The difficulty in judging the usefulness of these learning environments is that they are not a single entity and are therefore open to multiple interpretations. Educational technologists rightly demonstrate the exciting potential for these technologies and the range of possibilities they represent for teaching and learning. Academic staff developers are often more cautious given the collaborative focus of their practice. Meanwhile, university management appears seduced by the technology with its novelty occupying the foreground of their attention despite the lack of evidence that technology impacts on student learning in any significant way. How online learning manifests itself in academic staff development will depend on all these interactions and connections. While it would be impossible to get agreement between technologists, staff developers and managers on what this network of associations represents, it is possible to determine what practices are embodied in their designs for online staff development.

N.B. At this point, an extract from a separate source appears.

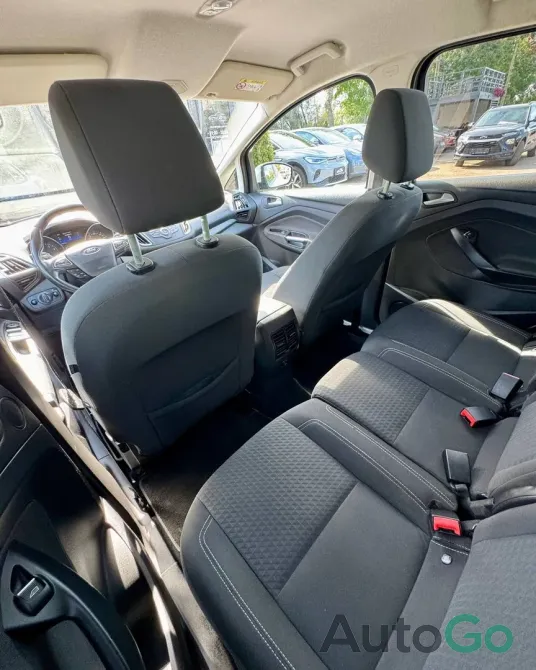  C-MAX II Рестайлинг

Through this process the current pattern of use of online technology in academic staff development emerged and the interplay of three important factors identified. Firstly, each ADU operates within a specific institutional context that influences its orientation towards academic staff development. Secondly not all interactions are considered appropriate for online technology and finally, online materials development requires a commitment to collaborative work practices.
The first two factors are key to the construction of meaning embedded within online materials, while the third determines the limits of any online development project. By exploring the intersection between the orientation to academic development, technology and technology development, it was possible to develop a framework for looking at online technology in context and identify the characteristics that would support further developments within each context. Having created a series of possible alternatives for professional development with online technologies, it is possible to set future research agendas in the area of academic staff development.

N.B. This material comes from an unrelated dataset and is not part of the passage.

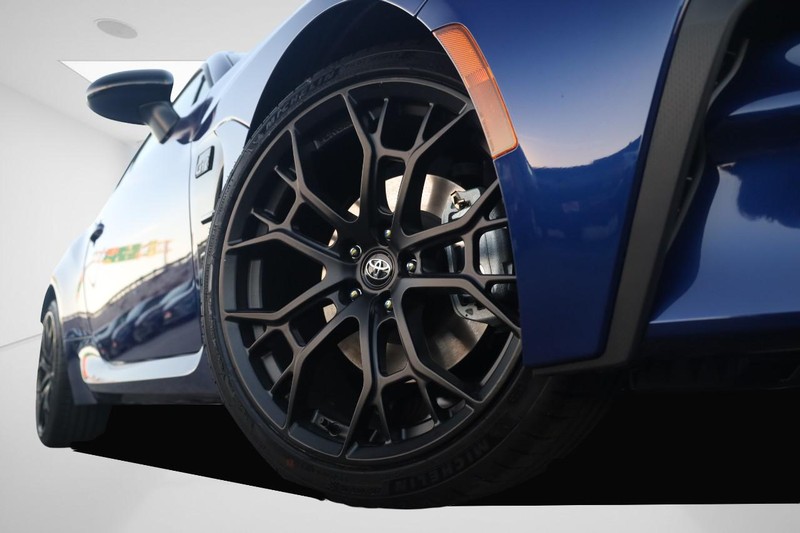 Toyota GR86 Vehicle Image 03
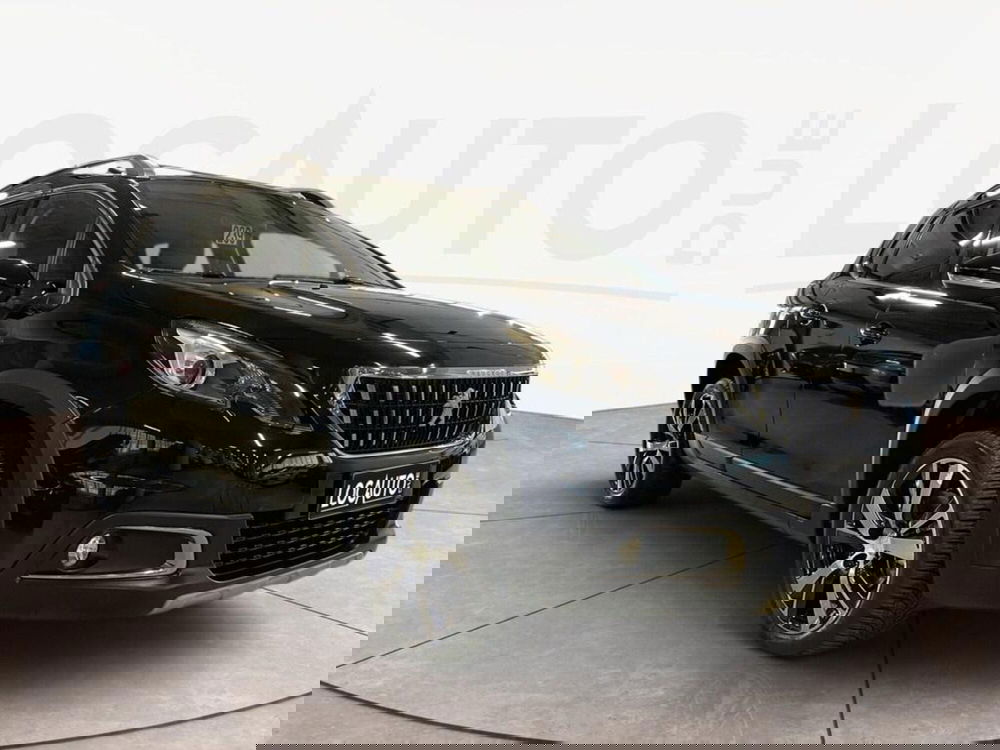 Peugeot 2008 usata a Torino (3)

Moses (1988) was among the a first to identify that academic staff development can be targeted at three levels of the university; individuals, curriculum development and institutional change. In some universities this results in three separate units while in others it is a single unit with accountability in three areas. Boud (1995) still saw curriculum development as the responsibility of individual academics when he suggested that there is pressure from university managers to take over staff development for their own goals, resulting in two competing conceptions of staff development in higher education. The first conception Boud considers to be a mirror of academic scholarly practice which views staff development as grounded in educational research. The emphasis on being " an academic" is stressed as a way of gaining credibility with academic peers across the university. The second conception stresses staff development as the focus of professional practice in its own right. The aim is to be credible to senior management who have influence on the strategic directions of the university.

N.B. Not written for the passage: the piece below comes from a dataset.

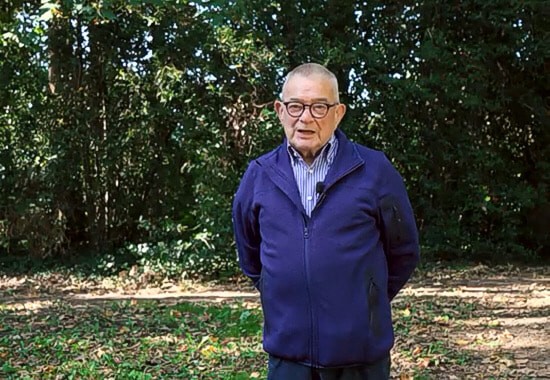 Gerrit Verkuil (91) vertelt WO2-ervaring op unieke podcast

Johnston (1997) likewise describes the contemporary ADU as attempting to balance these two orientations. She summarises their influence as a seesawing of strategies that focus either on grassroots, bottom-up or institutional and top-down. The shift Johnston identifies is away from working primarily with individuals to addressing issues at the policy or institutional level. While these tensions are still there to be observed, curriculum development has returned as an important third element in the development of academic staff.
Curriculum development constitutes a focus on courses and the development of learning materials and other curriculum projects. Where curriculum development may not have featured prominently in traditional lecture-based courses, the growing importance of information and communication technology in traditional classrooms has created a contested space around who supports the development and design of the curriculum. The relationship between media development units and teaching or staff development is still in a state of reorganisation, with the trend towards greatest investment in supporting technology-mediated teaching.
Media development brings with it a third orientation to working with academic staff. Developers of online learning environments interviewed described their work as a form of staff development. It can be argued that their practice straddles the two orientations observed by Boud and Johnston. Decisions of pedagogy remain the responsibility of the academic while the university provides the policy framework within which they operate. This frees online developers from making educational decisions so they can focus on producing technically robust, widely applicable learning materials that will be judged by their peers on their "look and feel" rather than their ability to promote student learning.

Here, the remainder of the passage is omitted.